In my experience so far, I’ve enjoyed most barolos with 15-25 years or so with age. I typically follow the wines in a decanter for the entire evening which can be up to 6 hours or so. I think the most I’ve followed aged wines is 2 days… afterwards, I’ve found many fall apart, but perhaps people have different experiences. For young wines (within 5 years of current release), I follow over a few days to see if they evolve. As for the truffle and mushroom character, I feel that’s a quality of certain wines. I’m not talking about bretty aromas that often dissipates with air, but are inherent qualities to some wines. I tend to prefer wines that retain some of that floral, red fruit character with hint of sweetness to the fruit, instead of going 100% savory and earthy. Some of the most memorable wines in my journey so far including barolos from the 70s-90s and burgundy from the 80s-90s had these qualities in spades.

Do people have recommendations on vintages in general? I noticed some people pointed towards '12 and '14 which were generally considered cooler, late harvest vintages producing “lighter” wines. Nobody mentioned '11 so I’m guessing best to avoid god-awful hot vintages. Safe to pick in the crus mentioned for more classic vintages like '13 and upcoming '16?

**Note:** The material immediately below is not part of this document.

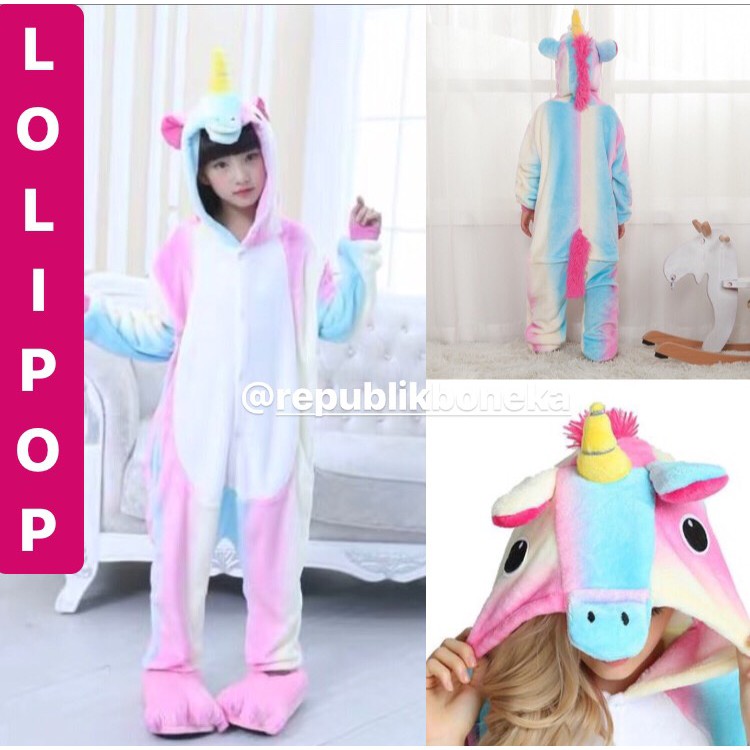 BAJU ONESIE BONEKA UNICORN LOLLIPOP PIYAMA KOTUM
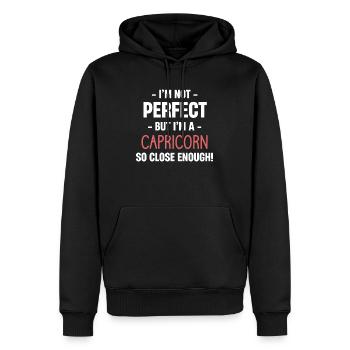 Je ne suis pas parfait, mais je suis un - Sweat à capuche Premium bio Homme - noir - Devant - Nico (187cm)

Maybe try some Fratelli Alessandria or Productori Barbaresco. Brovia hovers at the 100+ mark limit that you mentioned. There are a number of producers that are right around 100. Other producers you may want to check out is Principiano they have several different Barolos and maybe Trediberri (a little sweeter). Depending on the bottling, there may or may not be a funky nose at the start. Both a older Barbaresco and a Barolo that had tried recently had a bit of a funky nose to start but it reduced over time a bit for the Barbaresco. (It may have been some sulfur, not sure).

I have found Barbaresco’s to be a little lighter in style and smoother. But it’s a personal opinion and may be more due to what producers I have tried.

2011: A warm year. Not god-awful, but I find many of the wines a little lacking in focus and sometimes they show their alcohol. I’m not crazy about the vintage, but the Produttori crus were very good. Some others have liked it better. Seems generally better than the very warm ‘09.
2012: Common wisdom is that these are decent but not long-lived wines. There wasn’t much excitement about the vintage, but I and some others (e.g., WBer Oliver McCrum, who imports a number of Barolo producers) are fans for the wines’ aromatics. I haven’t opened any in a while, but they should be approachable relatively early.
2013: A very good year, balanced, with real concentration. The Barolos showed very well early on.
2014: Very difficult in Barolo, where there were hail and rain storms. Some producers such as Brovia didn’t bottle crus. Much better in Barbaresco.
2015: A warmer year but sounds like it’s still very good if you lean toward that style.
2016: There’s a lot of excitement about the vintage. Growing conditions were pretty much ideal – long and even. I’ve posted notes on two recent Barbaresco tastings. The wines haven’t all showed well, but this may just be an awkward stage:

If you want a good reference source with lots of tasting notes, Greg dal Piaz’s www.simplybetterwines.com can’t be beat.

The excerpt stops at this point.